Não se separam as ideias de agrosustentabilidade, agrofloresta, agricultura familiar e, MST, Embrapa e a tal moda pop reducionista (modelo exportação) do business...
por Sandro Messikommer
Zurich, Suíça, 13/06/2023
3 Minutos.
A Agricultura familiar é definida como o negócio do agregado familiar (família) em que as funções importantes (capital, gestão, organização, produção, vendas, administração) são realizadas total ou principalmente por membros da família.
Família não é só nuclear como pensam alguns, que se acham modelo de perfeição universal familiar porque sua casa tem a formação de um homem, uma mulher e filhos. A origem etimológica da palavra família, vem do latim famulus, quer dizer escravo doméstico.
Familia era então, todos que estavam em conjunto em uma mesma área demarcada, composta por escravos pertencentes e dependentes de um chefe ou senhor patriarcal, (pater, pátria, patrimônio, pai). Assim, a família greco-romana, era formada por um patriarca e seus famulus: esposa, filhos (de sangue), servos livres e escravos.
Eu, como docente e pesquisador, afirmo que a família como é conhecida atualmente teve sua origem na civilização romana, tomando como ponto de partida o modelo familiar patriarcal hierarquizado. Seguindo F. Engels (1984, p. 61):
“O elo familiar era voltado apenas para a coexistência, sendo imperioso para o “chefe” a manutenção da família como espelho de seu poder, como condutor ao êxito nas esferas política e econômica. Os casamentos e as filiações não se fundavam no afeto, mas na necessidade de exteriorização do poder, ao lado – e com a mesma conotação e relevância – da propriedade. […] Os vínculos jurídicos e os laços de sangue eram mais importantes e prevaleciam sobre os vínculos de amor.
O afeto, na concepção da família patriarcal, era presumido, tanto na formação do vínculo matrimonial e na sua manutenção como nas relações entre pais e filhos. Quando presente, não era exteriorizado, o que levava a uma convivência formal, distante, solene, substanciada quase que unicamente numa coexistência diária.”

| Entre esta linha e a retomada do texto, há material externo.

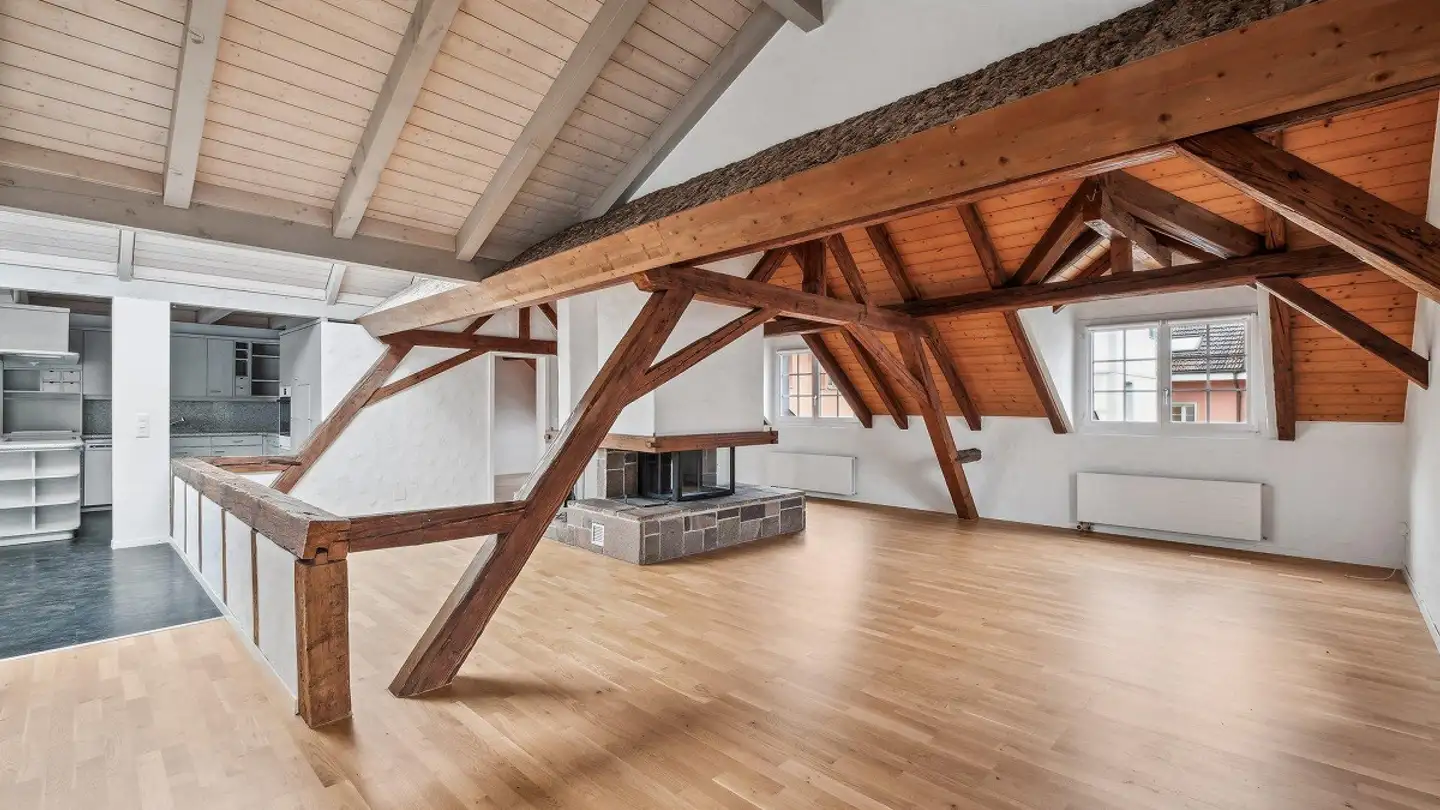 Apartment for rent - Marktgasse 6, 4900 Langenthal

Uma forma especial de exemplo vivo disso é a agricultura familiar, na qual o capital e a gestão estão nas mãos da família. Aqui na Suíça dos séculos 19 e 20, esta era a forma típica de negócio na agricultura e no artesanato, que se difundiu no setor industrial .
A agricultura familiar tem suas raízes na economia rural familiar dos lavradores da Idade Média (casa inteira).

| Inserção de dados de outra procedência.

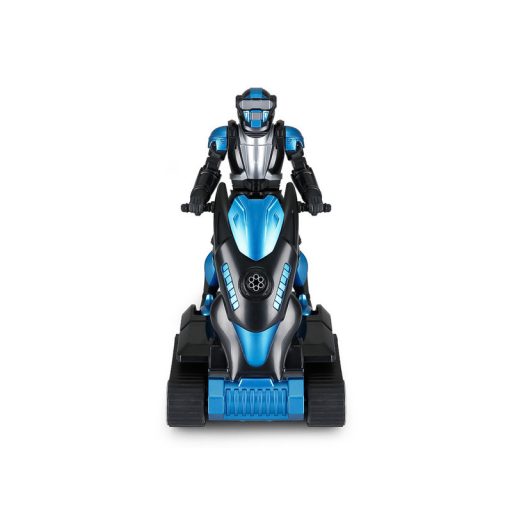 Rastar - Távirányítós harcos farkas robot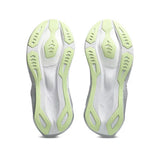 Tenis Asics para Mujer Novablast 6 Plata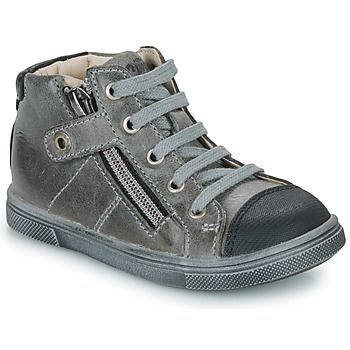 GBB Zapatillas altas KAMIL para niño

Na primeira fase da revolução industrial, a modernização ocorreu no setor agrícola ( Revolução Agrícola) no mesmo nível da empresa industrial. O número de grandes empresas baseadas no trabalho assalariado cresceu, principalmente nos centros urbanos.
No entanto, este padrão de desenvolvimento atingiu os seus limites no último quartel do século XIX. A depressão (depreciação) dos preços agrícolas e a tendência ascendente dos salários, pagos aos trabalhadores agrícolas, impulsionaram e concentraram as explorações agrícolas na mão-de-obra familiar.
Com essa “equidade” puderam competir com as grandes explorações baseadas no trabalho assalariado industrial.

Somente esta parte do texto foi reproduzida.